I describe how people approach responsibility in terms of opening dresser drawers. Some open one drawer, grab what they need, then close the drawer and move on—the compartmentalized approach. Others, like me and many women I know, like to open all the drawers, flinging out every item and considering every possibility.

I am not shy about wanting to have it all. I enjoy picking up new activities and juggling responsibilities, from the office to the home. My goal and constant challenge is achieving harmony. I know many consider work-life balance to be the ultimate goal, but to me, that implies allotting equal time, and as a result, the two are inherently in conflict.

I try to look for harmony rather than balance. Some days, that means all of my attention is on my work; on other days, I try to stay away from email and am immersed in family, friends, and personal life. I trust that, even with so many drawers open, all of the roles I play come together and I find fulfillment that way.

Even with my proclivity for taking on new responsibilities, my time is limited. Choosing to do a lot means you won’t always finish what you choose to do.
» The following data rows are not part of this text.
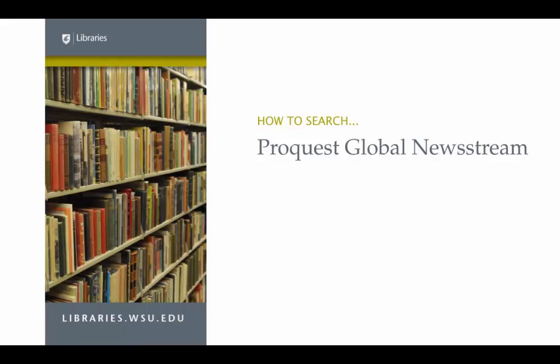How to search ProQuest Newsstream. This short tutorial will show you how to search ProQuest Newsstream for recent newspaper articles.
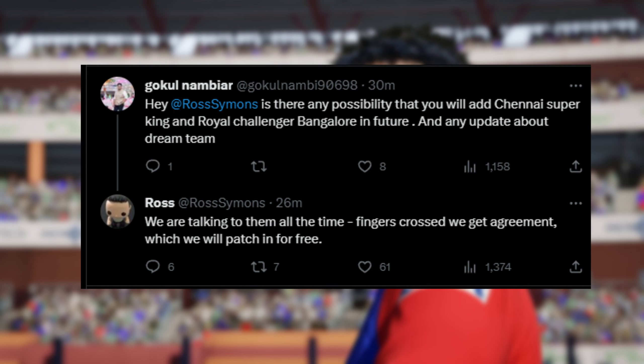Finally, something to bring joy to the CSK and RCB fanbase. Someone asked if there are any chances of these two teams making it to the game at a future date. Ross said: we are talking to them all the time — fingers crossed we get agreement, and we will patch them in for free. So all is not lost if you are a fan of CSK or RCB. We might still have those teams in Cricket24 at a later date, and then we can have the entire IPL in Cricket24.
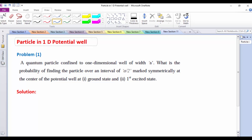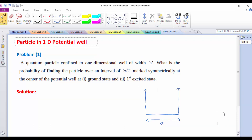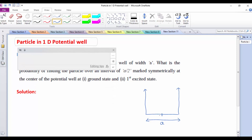First let us note down the given data. Here there is a potential well. Let me show you how exactly the potential well looks. This potential well is having a certain width, and the width of the potential well is a. Now what we are supposed to calculate? We are supposed to calculate the probability at a certain interval — the interval is a/2 at the center. I need to consider an a/2 interval symmetrically about this center.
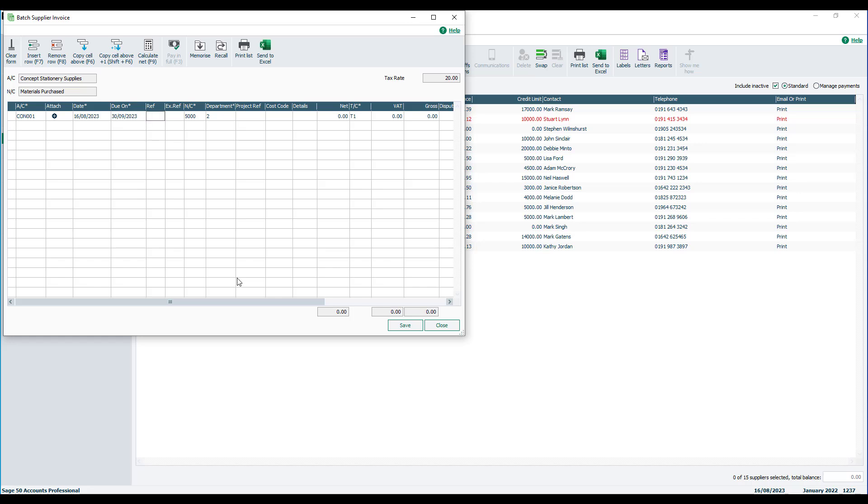You can then enter a reference, and this is usually the invoice number. You can then enter an extra reference and then enter the appropriate nominal code. By default, this will be pulled through from the defaults within the supplier record. However, this can be amended if required.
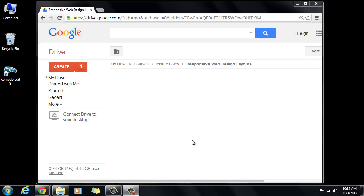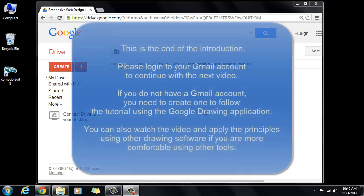So the first thing that I want to show you here is how you can use a free tool that's called Google Drawing Application and it is part of the Google Docs set. So if you don't have a Gmail account the first thing you would need to do is go and sign up for Gmail if you don't have an account already.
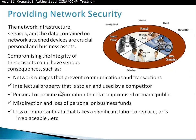For security, the network infrastructure services and data on network-attached devices are crucial personal and business assets. Compromising them could have serious consequences: network outages that prevent communication, intellectual property stolen and used by competitors, personal or private information compromised or made public, misdirection and loss of personal or business funds, and loss of important data that is irreplaceable if you don't have a backup. The protections we can have are firewalls, access policies, and we can encrypt our data as well.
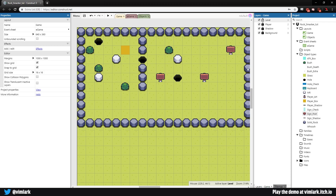Welcome back. Last time we added in our signs and everything that goes along with them to check the sign. Now it's time to add in the sprite font and the way to keep track of the text we're going to use.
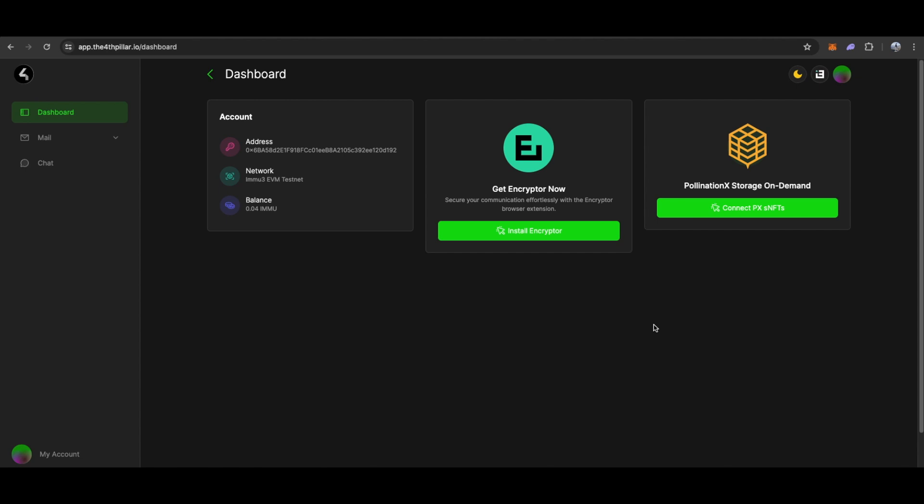After completing a task, we are ready to perform actions within our DApp. As you can see, my balance is already updated.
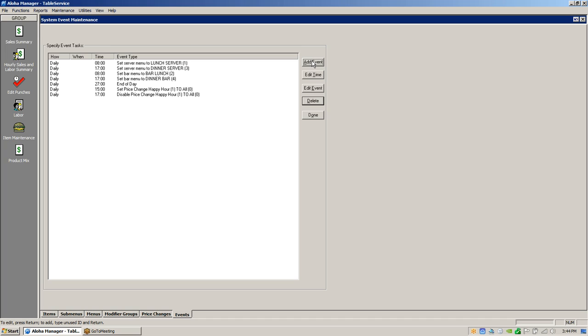There will be ten events. There will be a set price change for Monday, set price change for Tuesday, set price change for Wednesday, Thursday, and Friday — and then a disable for Monday, Tuesday, Wednesday, Thursday, and Friday. That's correct.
These are lessons I’m beginning to accept, as I learn that a crucial element of having it all is embracing imperfection. I wish I had received that advice as a first-year associate, and I try to share it with colleagues (women or men) now. We need to learn from imperfect situations and recalibrate our expectations to reach a true state of harmony.

Of course, guilt still arises from societal expectations of working parents and undoubtedly more so of mothers. My youngest daughter’s birthday overlaps with a big annual firm meeting that I attend, so we often arrange her celebrations for earlier or later. It’s a solution that isn’t always perfect, but has worked for us.

When my daughters were younger, we discussed the topic of stay-at-home moms. One asked, “Why do you work?” I answered truthfully that I love meeting interesting people and engaging with complex ideas, and I enjoy the stimulation.

As my daughters were growing up, they loved coming to the office. Over time, they have seen the other side of their mom’s life, as well as their dad’s—also a lawyer. My hope is that by observing us, both as parents and as professionals, my children will be ready for all the opportunities available to them and challenges that lie ahead, and know that there are not societal stereotypes they must fit into.